Sunday, July 18, 2010

Only Disconnect


Sometimes an essay which comments on the dehumanizing effects of the digital age can produce some beautiful reflections, and beautiful writing.


I am becoming a different person — solitary where I was once gregarious; a content provider where I at least once imagined myself an artist; nervous and constantly updated where I once knew the world through sleepy, half-shut eyes; detail-oriented and productive where I once saw life float by like a gorgeously made documentary film. And, increasingly, irrevocably, I am a stranger to books, to the long-form text, to the pleasures of leaving myself and inhabiting the free-floating consciousness of another.....
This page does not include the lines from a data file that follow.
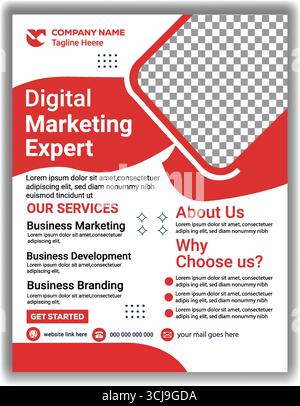 Creative Digital Marketing Agency Flyer Template  Red Corporate Business Branding & Promotion Vector Design Stock Vector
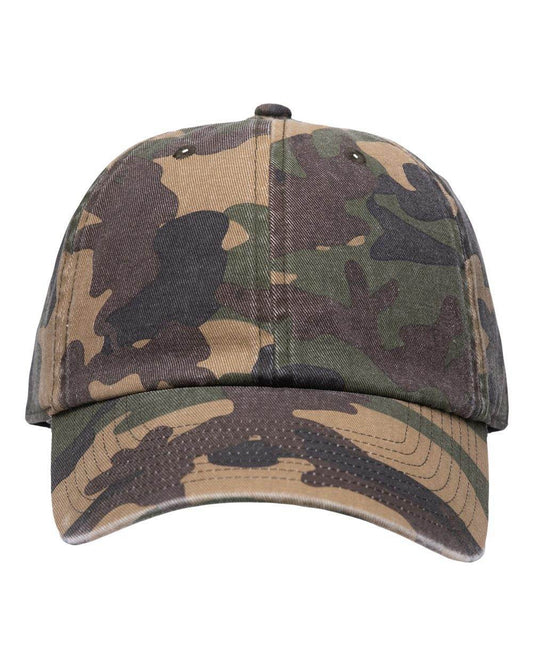 '47 Brand Clean Up Cap baseball hat with adjustable strap back and custom embroidered logo, featuring a camo print.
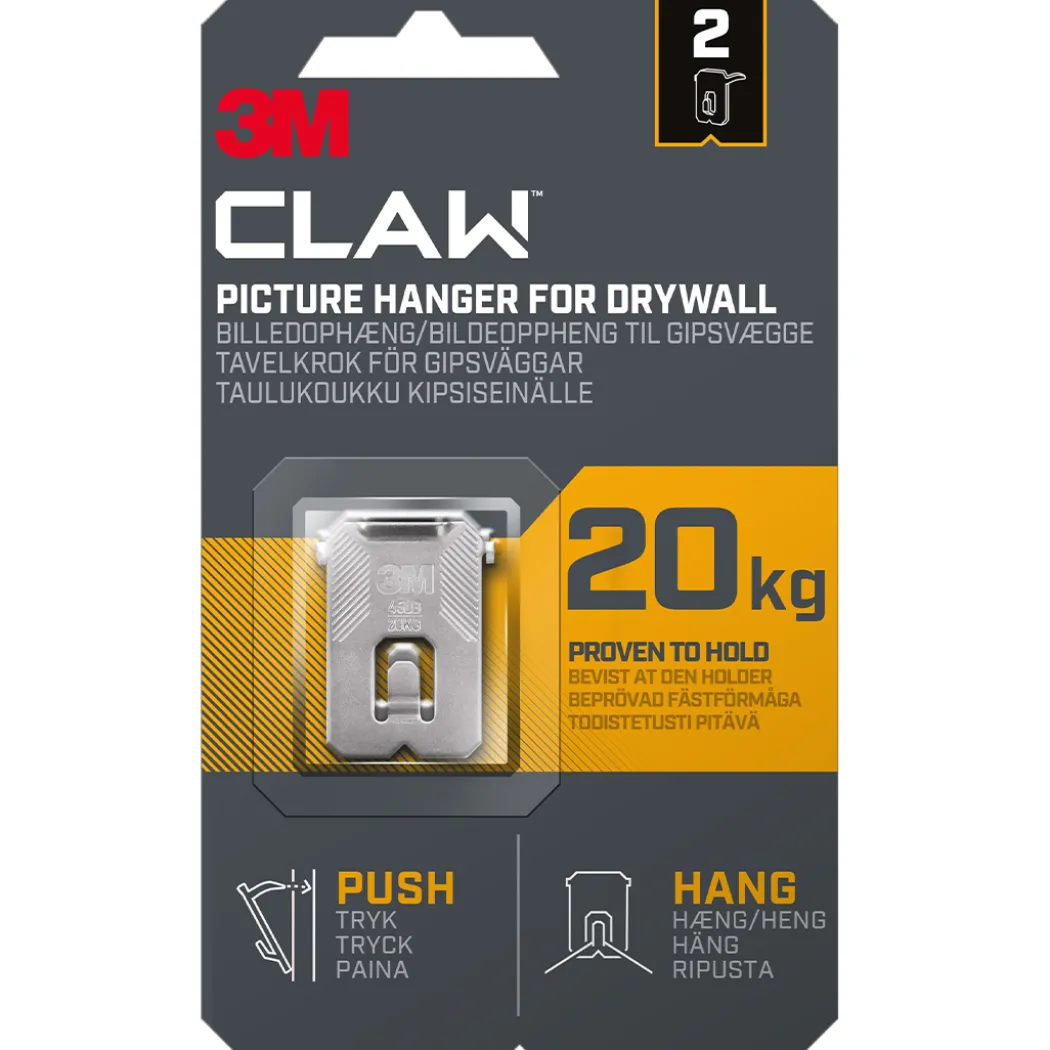 Claw Tavelkrok för gipsvägg 20 kg 2-pack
....I dream of leaving, too. Heading upstate in the summer time with a trunk full of books, watching Roosevelt Island sweep by in a rainstorm, I wake up from the techno-fugue state and remember who I am, the 37 analog years that went into creating this particular human being. Upstate I will train for my vocation, novel-writing, by tearing through the Russian classics that gave me my start, reading up on those frigid lovelorn Moscow and Petersburg winters while summer ants crawl up my shins. In the meantime, I will start conjuring my next book, one that with any luck may still be read on paper by live human beings five years from now...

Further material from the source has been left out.